Your MIL has tried to do 2 nice things for you -- have a small dinner when you couldn't have your big wedding due to Covid & now she wants to take you on vacation. It's not solely about boundaries. It's about you learning to be more gracious when somebody does nice things for you. 

Yes it was sad that your people couldn't be there for your special day but your MIL & your husband's people are now your family too. You will get the big party eventually. 

If you don't want to go on the trip don't go but make sure your husband tells MIL that you two will not be attending. She's his mother. But think about it. If MIL has Parkinson's, there aren't too many trips she will be able to go on in the future. That day is much closer than you think. Do you really want your husband to resent you down the line for robbing him of what may be one of the last few opportunities to make memories with his mom ? She's sick woman who will grow more debilitated as time goes on. She deserves your empathy not your contempt.


----------



## Blondilocks (Jul 4, 2013)

Her husband is free to go on the trip. He has no right to demand that she also goes and drags two cats with her.


----------



## ccpowerslave (Nov 21, 2020)

D0nnivain said:


> She's sick woman who will grow more debilitated as time goes on. She deserves your empathy not your contempt.


Maybe, my MIL got a 6 months or less to live diagnosis in the ICU before we were married and then was in and out of the hospital and ICU for decades, plural decades. Many times they wanted to put her in hospice. Even when she was punching out I still didn’t believe it.

As an aside, don’t take cats on trips (unless you’re a breeder or something). You can hire someone to come in and feed, give water, and empty their litter. They’re fine by themselves even for long periods this way.


----------



## SpinyNorman (Jan 24, 2018)

D0nnivain said:


> Your MIL has tried to do 2 nice things for you -- have a small dinner when you couldn't have your big wedding due to Covid & now she wants to take you on vacation. It's not solely about boundaries. It's about you learning to be more gracious when somebody does nice things for you.


I am the one who decides when a nice thing has been done for me. 

I appreciate there are such things as good intentions, but if someone ignores my stated wishes, those are not good intentions.


----------



## CountryMike (Jun 1, 2021)

D0nnivain said:


> Your MIL has tried to do 2 nice things for you -- have a small dinner when you couldn't have your big wedding due to Covid & now she wants to take you on vacation. It's not solely about boundaries. It's about you learning to be more gracious when somebody does nice things for you.
> 
> Yes it was sad that your people couldn't be there for your special day but your MIL & your husband's people are now your family too.

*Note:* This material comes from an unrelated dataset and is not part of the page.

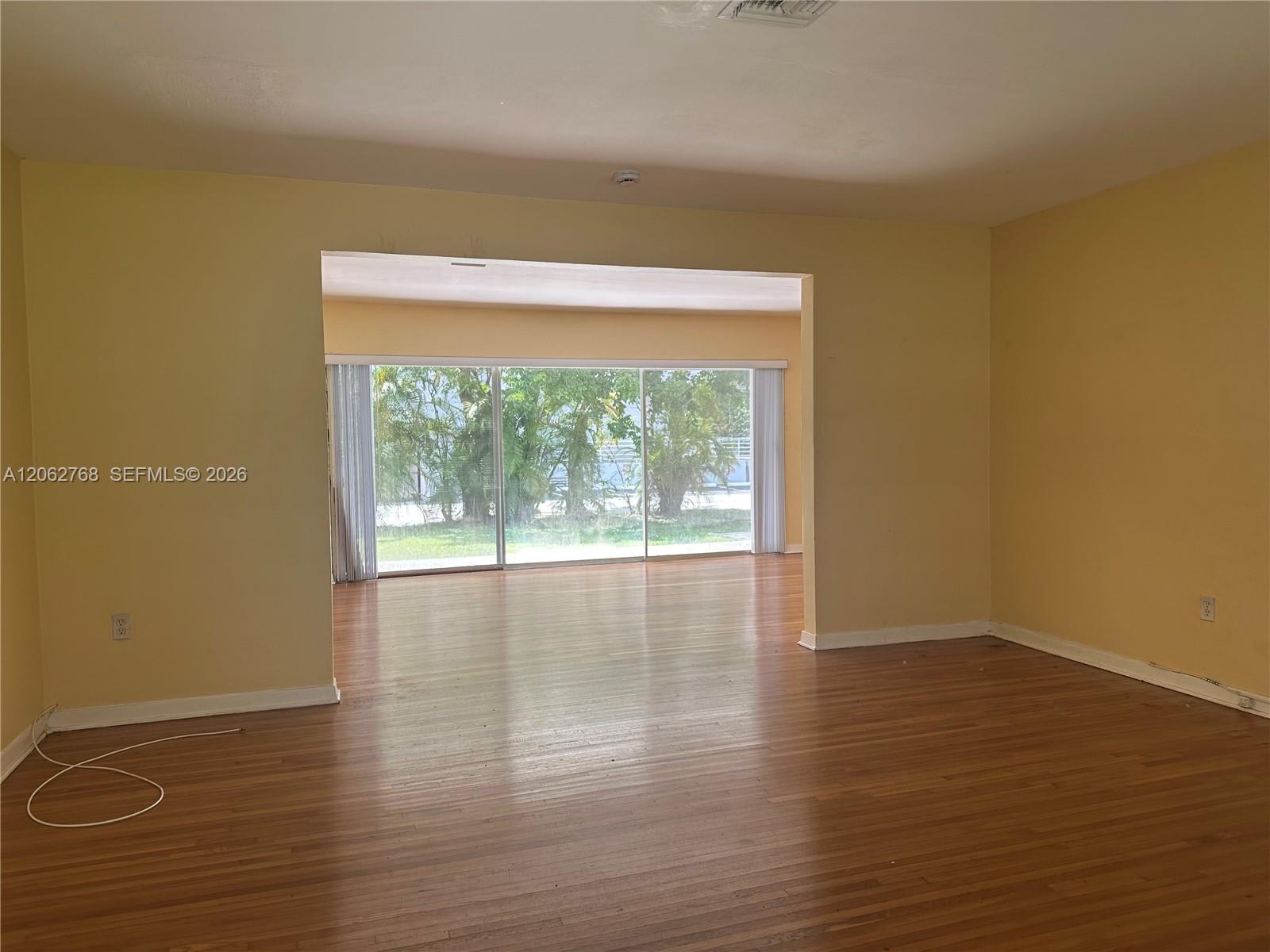 5340 Orduna Drive – photo 3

You will get the big party eventually.
> 
> If you don't want to go on the trip don't go but make sure your husband tells MIL that you two will not be attending. She's his mother. But think about it. If MIL has Parkinson's, there aren't too many trips she will be able to go on in the future. That day is much closer than you think. Do you really want your husband to resent you down the line for robbing him of what may be one of the last few opportunities to make memories with his mom ? She's sick woman who will grow more debilitated as time goes on. She deserves your empathy not your contempt.

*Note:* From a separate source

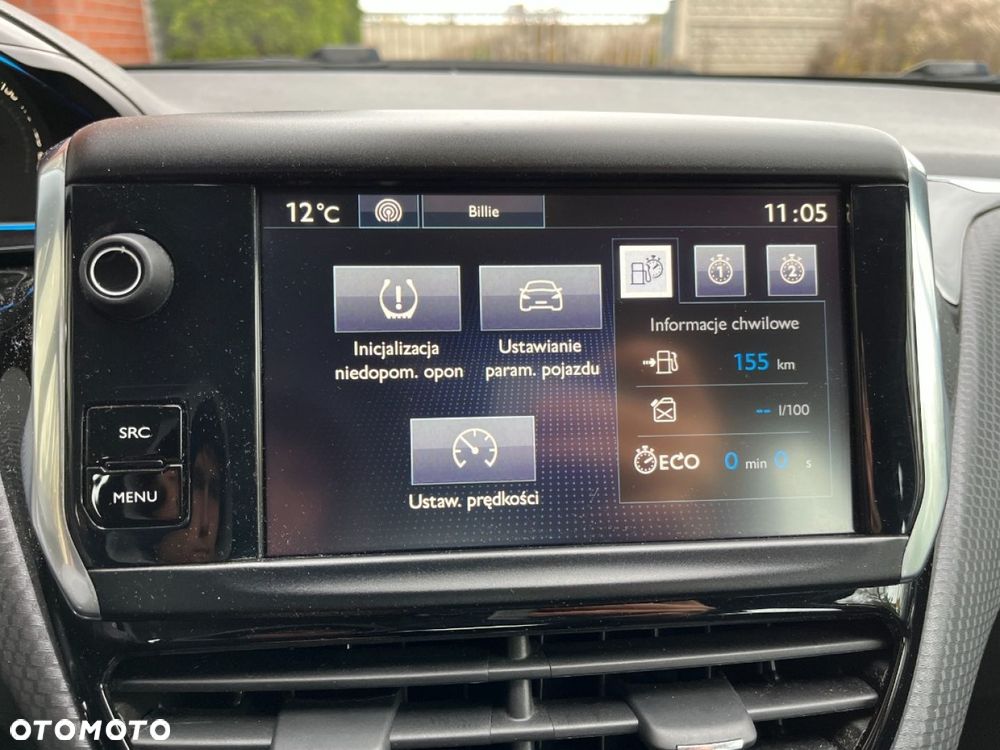 Peugeot 2008 1.2 Pure Tech Allure S&S - 16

If all these are hard facts, and his mother's health is truly imminently failing it would be a positive gracious act to share some time with him/her. No durn cats though, but that's my view only. For those who are for cats, ymmv.


----------



## CountryMike (Jun 1, 2021)

SpinyNorman said:


> I am the one who decides when a nice thing has been done for me.
> 
> I appreciate there are such things as good intentions, but if someone ignores my stated wishes, those are not good intentions.


In this particular circumstance that isn't totally uncommon (except for the cats), again if truly mil health is crashing, poss a last opportunity etc, then find a way to support SO in spending time with his mother. That would be the adult thing to do.

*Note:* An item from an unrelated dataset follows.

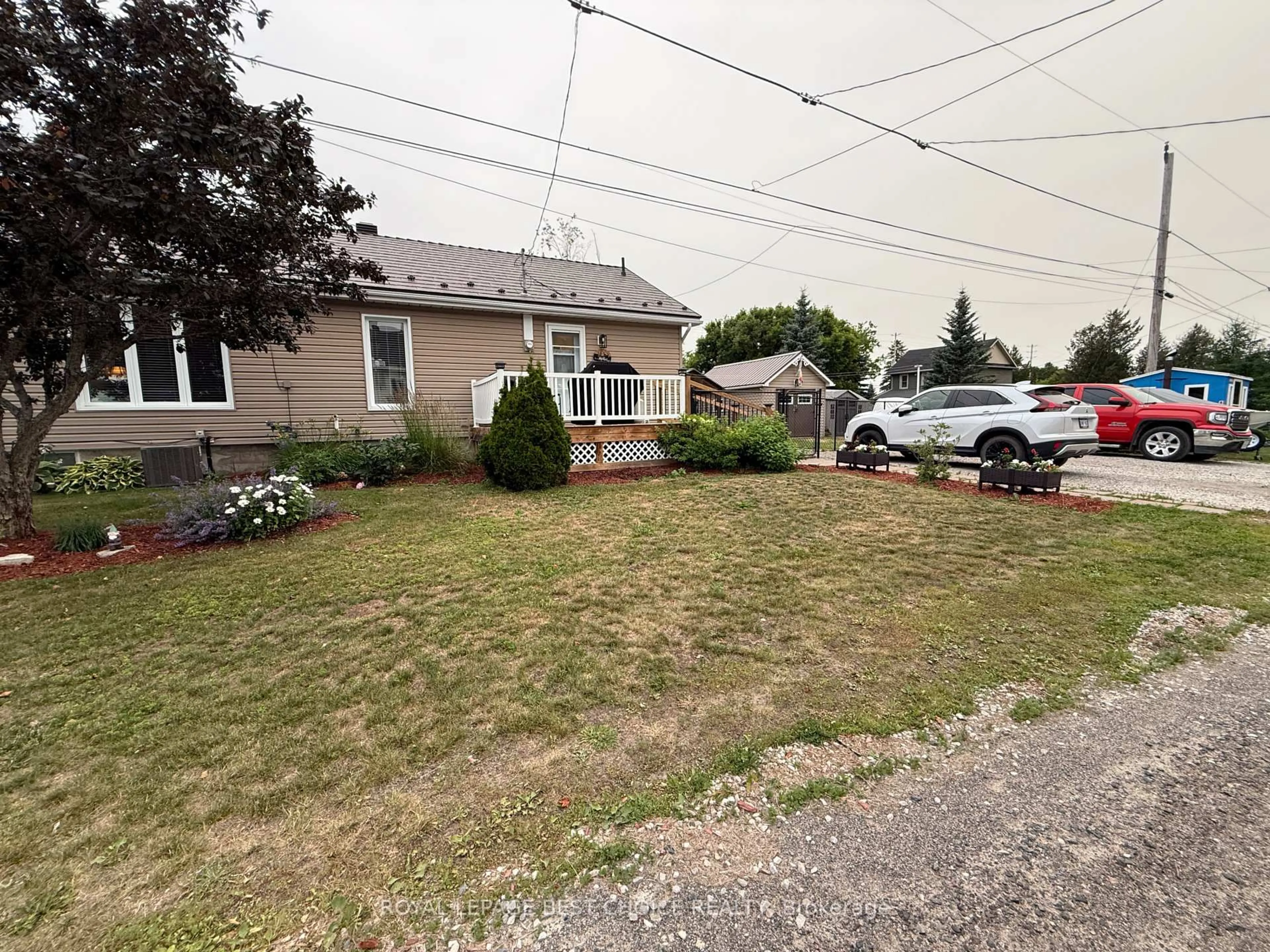 A pic from outside/outdoor area/front of a property/back of a property/a pic from drone, street for 575 Browning St, Temiskaming Shores Ontario P0J 1K0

If this is just another mil ploy, that's different.


----------



## Blondilocks (Jul 4, 2013)

I think I can safely guarantee that MIL would appreciate DIL staying home so MIL could have junior all to herself. 

OP, think of it as being selfless and let MIL have this last dance with her little boys.


----------



## harperlee (May 1, 2018)

I'm vibing with both Andy1001 and pastasauce79 on this. When I look back at what I regret most, it is always the times that I lacked grace. I was rigid, impatient, frustrated and wanted things my way.
You could put yourself in an oppositional dynamic with his mom (a power struggle) but that wouldn't bode well for the long term contentedness of your marriage. Not to mention, exhausting as a result of being in direct conflict with who you are as a human.
Being content to let him go on his own without you is a reasonable solution. It isn't going to war and is setting boundaries. Yet, it is a missed opportunity. If you are willing to be open/flexible, this is a chance to turn lemons into lemonade. You may find that getting to know his family better, enjoying their company, letting them in, as expansive for yourself and your marriage.
Good luck no matter what you choose.
Also, there are many reputable pet sitting services. The kitties shouldn't travel.


----------



## gold5932 (Jun 10, 2020)

We moved as far west as we could to get away from my mil.


----------



## Mr. Nail (Apr 26, 2011)

2 notes:
I love and have cats. I've also cleaned up after long distance cat trips (vet supported) my Co dependent daughter did.
I've watched jealous mothers wreck their sons new marriages over family trips. I'm suspicious.


----------



## Diana7 (Apr 19, 2016)

gold5932 said:


> We moved as far west as we could to get away from my mil.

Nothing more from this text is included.